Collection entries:
· · ·

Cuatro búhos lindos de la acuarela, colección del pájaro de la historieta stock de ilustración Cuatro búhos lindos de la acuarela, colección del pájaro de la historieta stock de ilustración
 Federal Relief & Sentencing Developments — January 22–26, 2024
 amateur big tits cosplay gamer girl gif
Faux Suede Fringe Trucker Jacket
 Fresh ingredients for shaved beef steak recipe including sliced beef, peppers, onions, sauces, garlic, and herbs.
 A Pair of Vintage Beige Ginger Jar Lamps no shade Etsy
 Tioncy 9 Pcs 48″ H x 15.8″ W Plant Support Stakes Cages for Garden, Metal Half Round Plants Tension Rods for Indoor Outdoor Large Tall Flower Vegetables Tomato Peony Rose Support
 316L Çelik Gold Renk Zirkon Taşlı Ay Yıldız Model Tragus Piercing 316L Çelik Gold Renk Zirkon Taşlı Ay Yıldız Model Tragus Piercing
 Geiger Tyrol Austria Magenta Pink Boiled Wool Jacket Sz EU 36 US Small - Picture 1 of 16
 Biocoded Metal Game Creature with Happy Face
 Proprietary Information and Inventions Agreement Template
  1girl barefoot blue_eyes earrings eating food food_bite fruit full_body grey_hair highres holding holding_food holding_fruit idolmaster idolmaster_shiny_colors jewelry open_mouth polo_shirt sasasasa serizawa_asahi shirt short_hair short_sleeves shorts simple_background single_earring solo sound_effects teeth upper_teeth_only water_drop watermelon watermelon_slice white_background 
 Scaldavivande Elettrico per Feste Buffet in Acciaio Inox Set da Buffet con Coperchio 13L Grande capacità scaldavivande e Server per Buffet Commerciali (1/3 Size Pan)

· · ·

TASK TO COMPLETE:
All lines with the string "Jacket" must be copied from the data.

TASK RESULT:
Faux Suede Fringe Trucker Jacket
 Geiger Tyrol Austria Magenta Pink Boiled Wool Jacket Sz EU 36 US Small - Picture 1 of 16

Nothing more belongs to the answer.